• [How to complete this task] Drop the pictures; give again exactly the lines from the one holding "Kincrome 6,000kg Hydraulic" through the end of the data.
*** Raw data ***
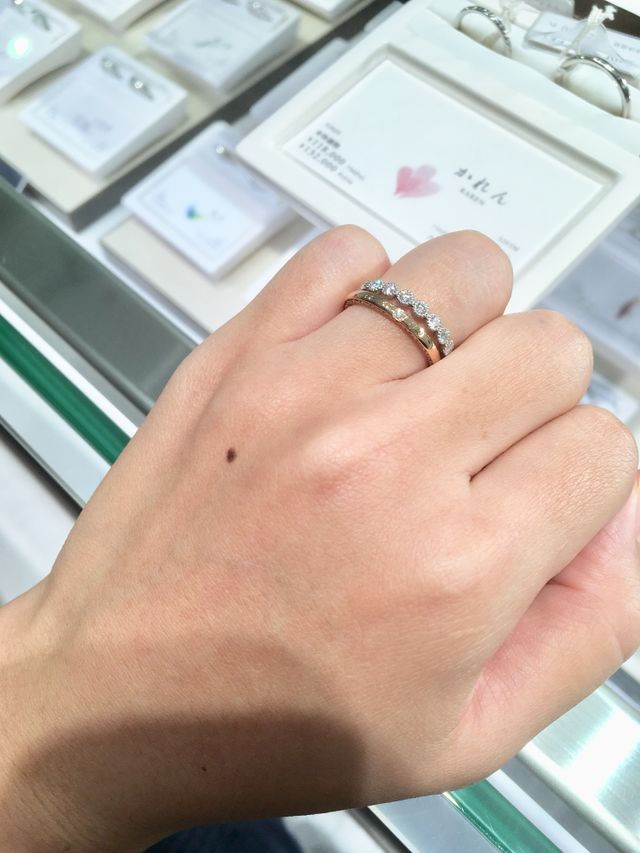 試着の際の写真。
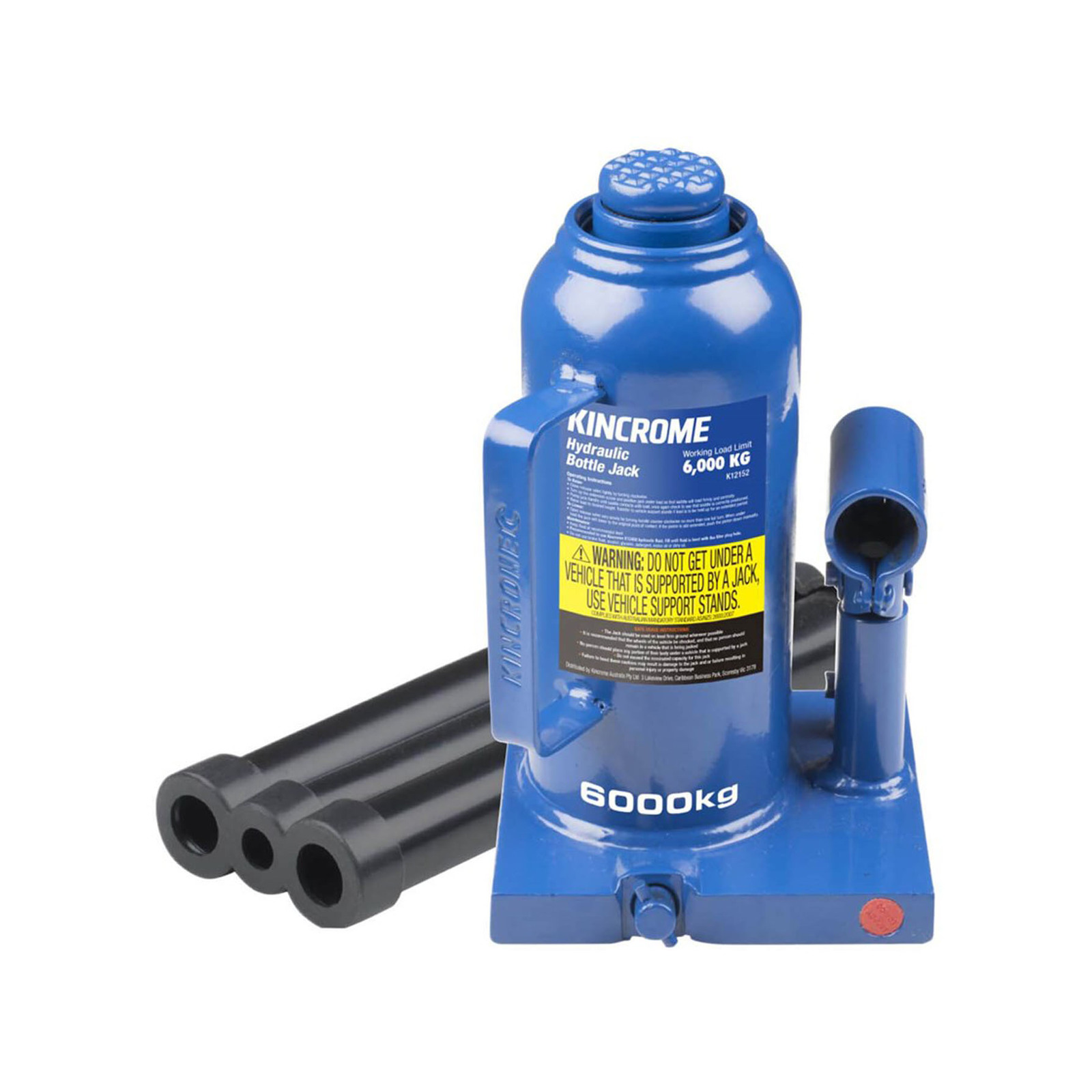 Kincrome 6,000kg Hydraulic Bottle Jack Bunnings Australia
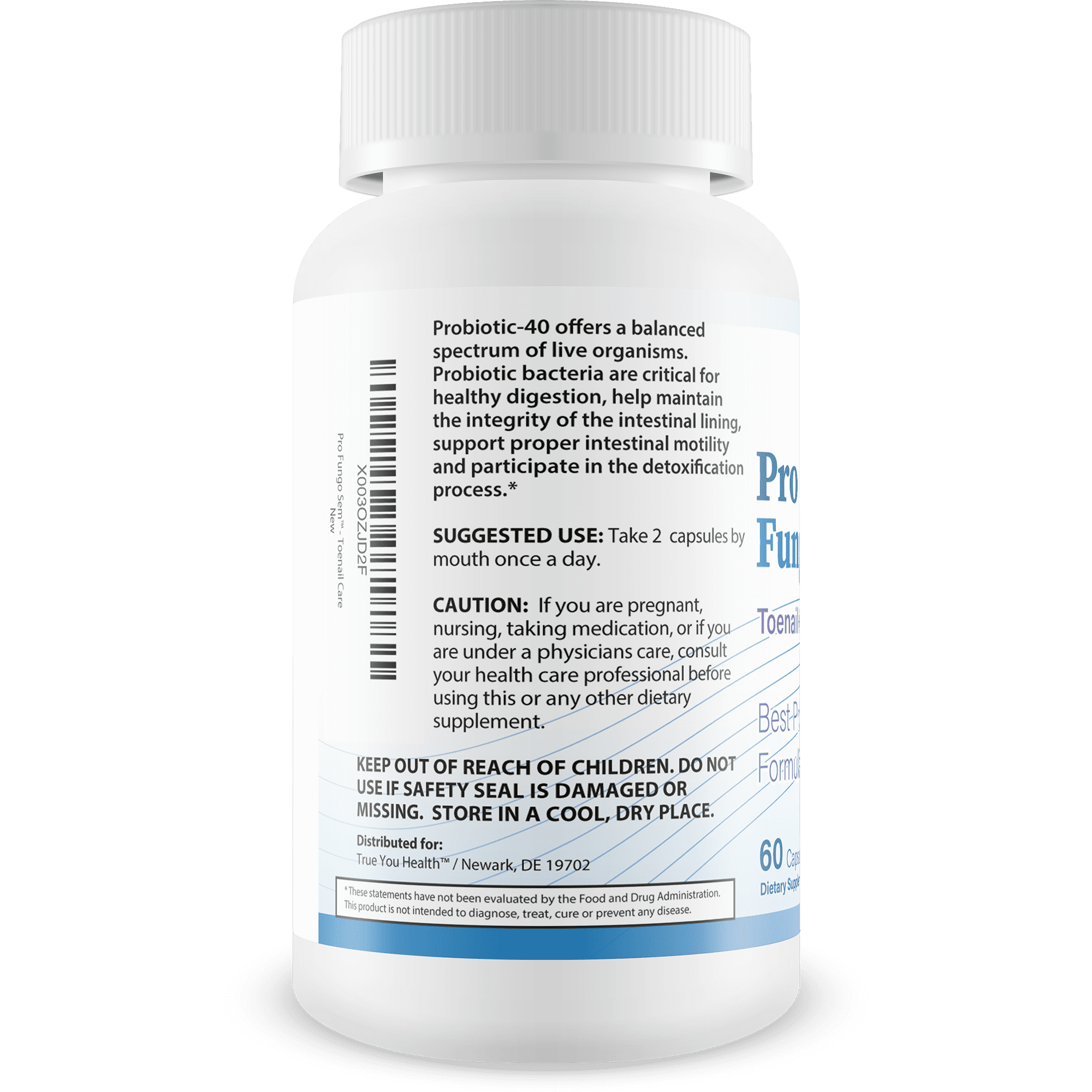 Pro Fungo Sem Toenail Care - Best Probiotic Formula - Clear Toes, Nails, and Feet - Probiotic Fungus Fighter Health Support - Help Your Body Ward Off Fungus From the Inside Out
*** End of Raw data ***
• [Written response]
 Kincrome 6,000kg Hydraulic Bottle Jack Bunnings Australia
 Pro Fungo Sem Toenail Care - Best Probiotic Formula - Clear Toes, Nails, and Feet - Probiotic Fungus Fighter Health Support - Help Your Body Ward Off Fungus From the Inside Out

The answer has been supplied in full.